Edelman Bret, Selvaraj Bright Jebaraj, Joshi Minal, Patil Uday, Yarmush Joel
Department of Anesthesiology, New York Presbyterian-Brooklyn Methodist Hospital, Brooklyn, NY 11215, USA.
Department of Pediatrics (Division of Neonatal-Perinatal Medicine), Icahn School of Medicine at Mount Sinai, New York, NY 10029, USA.
Anesthesiol Res Pract. 2019 Nov 3;2019:8621801. doi: 10.1155/2019/8621801. eCollection 2019.
Tracheoesophageal fistula (TEF) is a rare congenital developmental anomaly, affecting 1 in 2500-3000 live births. The H-type TEF, consisting of a fistula between the trachea and a patent esophagus, is one of the rare anatomic subtypes, accounting for 4% of all TEFs.

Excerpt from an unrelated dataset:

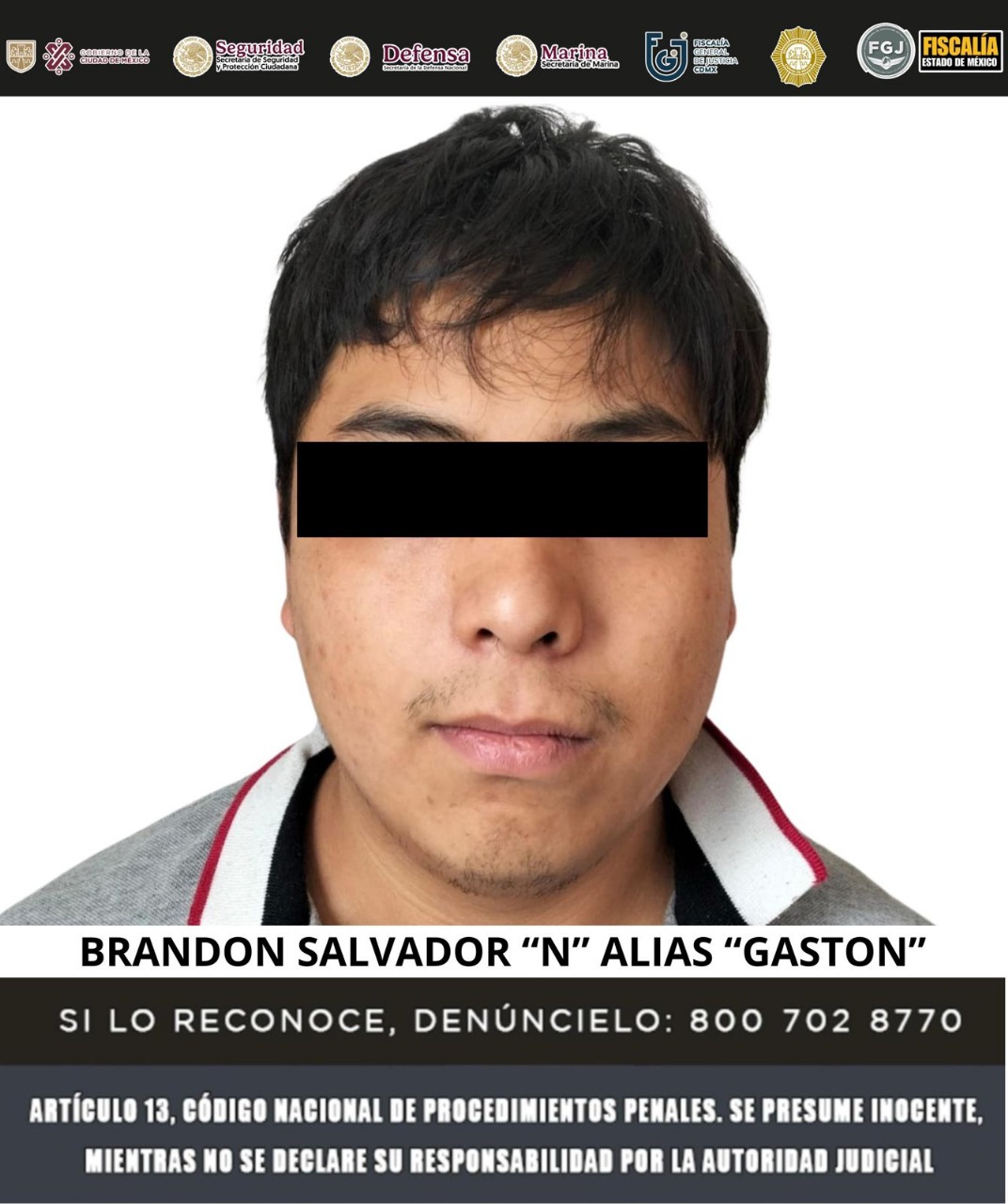 Detención de Brandon 'N' de "Los Gastones"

The presentation and perioperative management of neonates with H-type TEFs and all other TEFs are very similar to each other. Patients present with congenital heart disease and other defects and are prone to recurrent aspirations. A barium esophagogram or computed tomography of the chest is a common means to the diagnosis, and surgical repair is carried out through either a cervical approach or a right thoracotomy. During operation, anesthetic management is focused on preventing positive pressure ventilation through the fistula in an attempt to minimize gastric distension. For patients with H-type TEFs, because of the patent esophagus, symptoms are often less severe and nonspecific, resulting in subtle yet important differences in their diagnostic workup and management. This review will cover the finer details in the diagnosis and perioperative anesthetic management of TEF patients and clarify how H-type TEF distinguishes itself from the other anatomic subtypes.

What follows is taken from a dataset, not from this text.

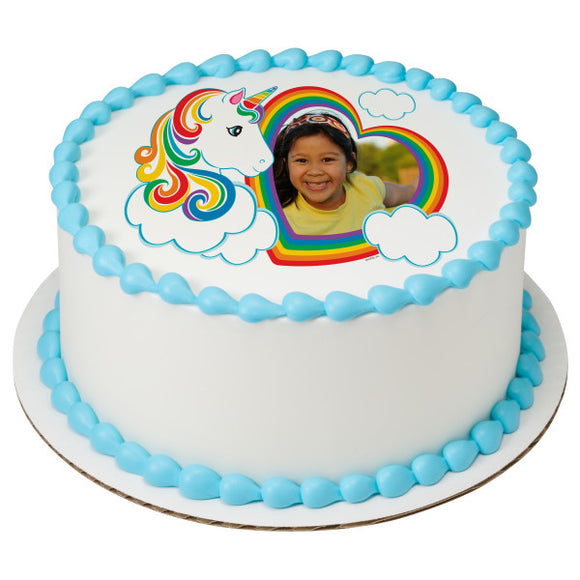 Magical Unicorn PhotoCake® Edible Image® Frame EIC22860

气管食管瘘(TEF)是一种罕见的先天性发育异常,在2500 - 3000例活产儿中约有1例受影响。H型TEF由气管与通畅的食管之间的瘘管组成,是罕见的解剖学亚型之一,占所有TEF的4%。H型TEF新生儿与所有其他TEF新生儿的临床表现和围手术期管理非常相似。患者常伴有先天性心脏病和其他缺陷,且容易反复出现误吸。食管钡餐造影或胸部计算机断层扫描是常用的诊断方法,手术修复可通过颈部入路或右胸切开术进行。手术过程中,麻醉管理的重点是防止通过瘘管进行正压通气,以尽量减少胃扩张。对于H型TEF患者,由于食管通畅,症状通常较轻且不具特异性,导致其诊断检查和管理存在细微但重要的差异。本综述将涵盖TEF患者诊断和围手术期麻醉管理的更详细内容,并阐明H型TEF与其他解剖学亚型的区别。